As America’s national pastime, baseball has always brought communities together — an idea discussed by an esteemed panel Thursday on Penn’s campus.

A large group of students, faculty and baseball enthusiasts filled Houston Hall’s Bodek Lounge to discuss the importance of baseball parks in revitalizing communities. The panel included Phillies President and CEO David Montgomery, a 1968 College graduate and 1970 Wharton MBA recipient.

The event, “Ballparks as Urban Anchors,” was sponsored by the Penn Institute for Urban Research, PennDesign’s Department of City and Regional Planning, Wharton Sports Business Initiative and the Provost’s Office Year of Games.

“Ballparks do play an important role in the revitalization of the physical surroundings of the community but also in developing the spirit of people,” said Eugenie Birch, event moderator and co-director of the Penn Institute for Urban Research.

Robert DuPuy, former president and COO of Major League Baseball, called the event “a terrific opportunity” to explore baseball as “a social institution,” specifically how stadiums help build communities.

Edward Cohen, principal owner of the Washington Nationals, began the discussion by demonstrating the change that has occurred with the opening of Nationals Park in 2008.

“It was an area of dance clubs and tattoo parlors … where you would get your car inspected,” he said. “[The ballpark] has totally cleaned up the entire area.”

Montgomery explained how Citizens Bank Park, the Phillies’ home since 2004, came to fruition based on the success of newer ballparks like Camden Yards in Baltimore.

“When we saw that the ballpark can change a community, we were open to moving,” Montgomery said. One of the ideas was to move to what is now Penn Park, but after this was turned down, the comfort level of the actual ballpark itself became the priority.

Irwin Raij, a partner at Foley & Lardner, looked at the issue from an economic angle.
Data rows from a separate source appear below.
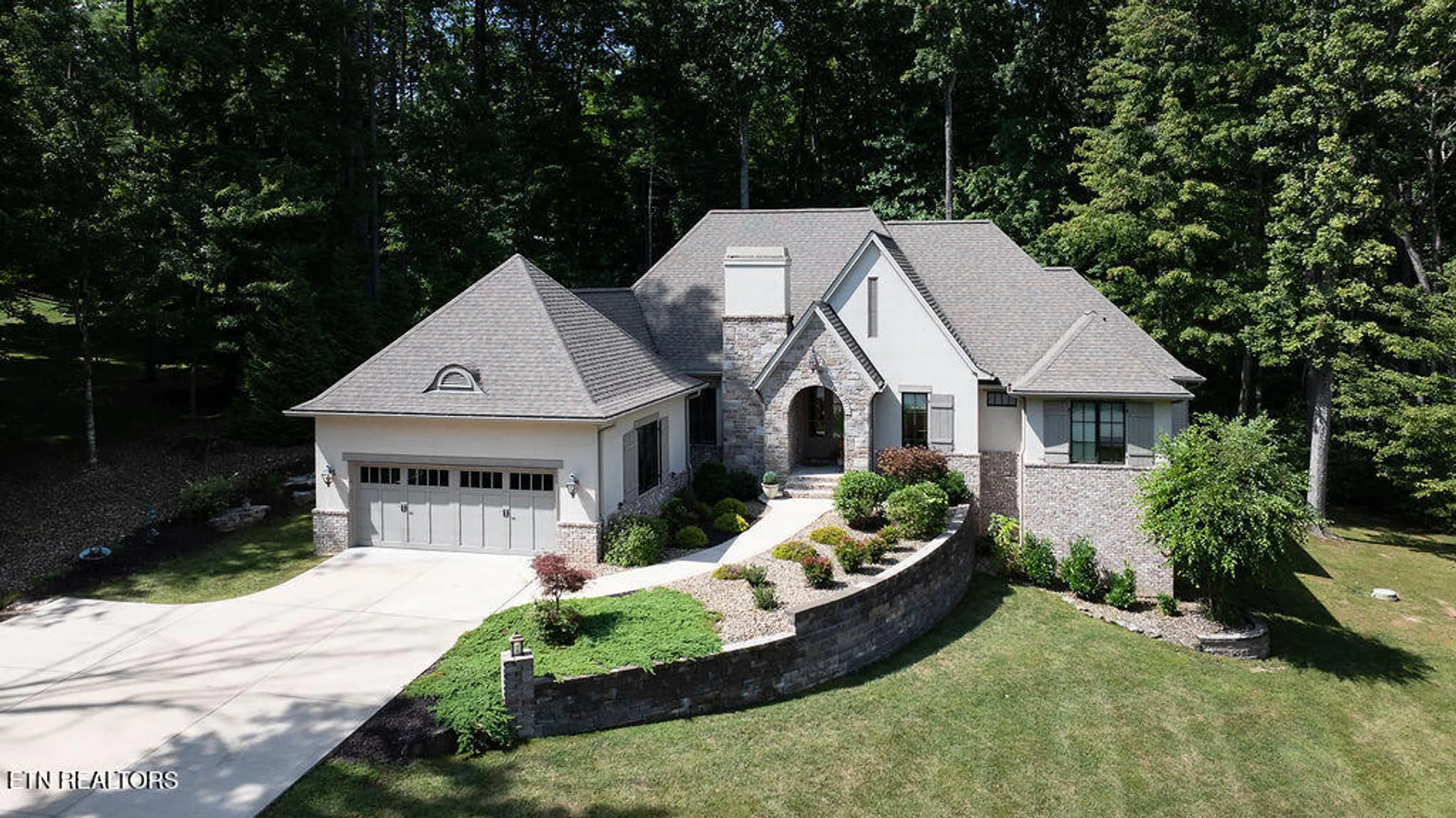 Property Slideshow image 2 of 56 | 77 abington pl, Crossville, TN, 38558
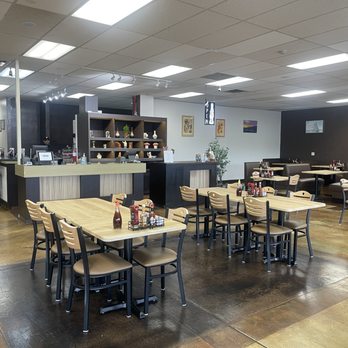 Arnie’s Cafe - Large dining room - Breakfast & Brunch Near Me - Reno, Nevada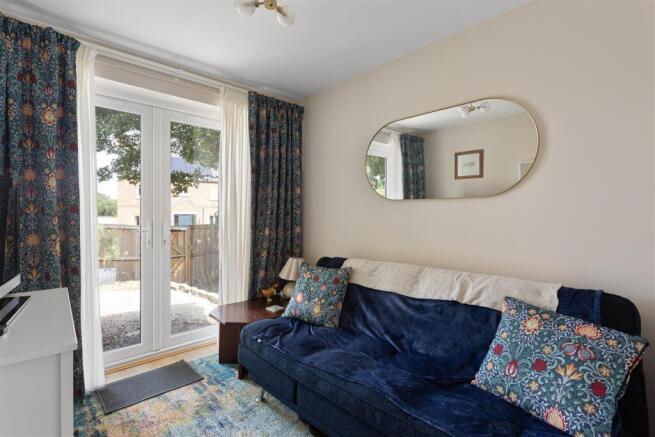 2 bed Semi-Detached for sale Image 10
“I believe that public investment in ballparks is beneficial for communities,” he said. When he sees ballparks being built, using the Orange Bowl as an example, he sees thriving communities and believes that “the public sector should get engaged and involved.”

Montgomery added that methods such as property and alcohol taxes can benefit the city and also allow teams to be more economically independent of the public sector. There are always incentives in updating or building new ballparks.

“If we can elevate fan experience, fans will come back,” said Gregory Sherlock, principal at the design firm, Populous. “Experience is an emotional thing that is a connection to the game.”

“Fans live and die by their teams,” DuPuy said. “Fans take great pride in the facility as well. It’s part of the community.”

It is not just a ballpark that has the ability to bring the community together, but also baseball as an institution, especially the players.

“[The nucleus of the Phillies] has been there long enough that people in this community can identify with them,” Montgomery said.

“Players today are much more devoted to fans and the community,” DuPuy added. “I am very proud of what baseball has done.”

Ultimately, before the question-and-answer session, the focus of the discussion was brought back to the importance of the city.

“Philadelphia is our first name,” Montgomery said. “We’re going to ask our young players to get involved in their communities.”

The discussion ended with the panelists sharing their favorite memories from careers in the baseball industry. The majority discussed seeing the public experience the joy of the ballpark and baseball games.

In the end, “everyone remembers the joy of their first major league baseball game,” DuPuy said. “They don’t remember their first time in a convention center.”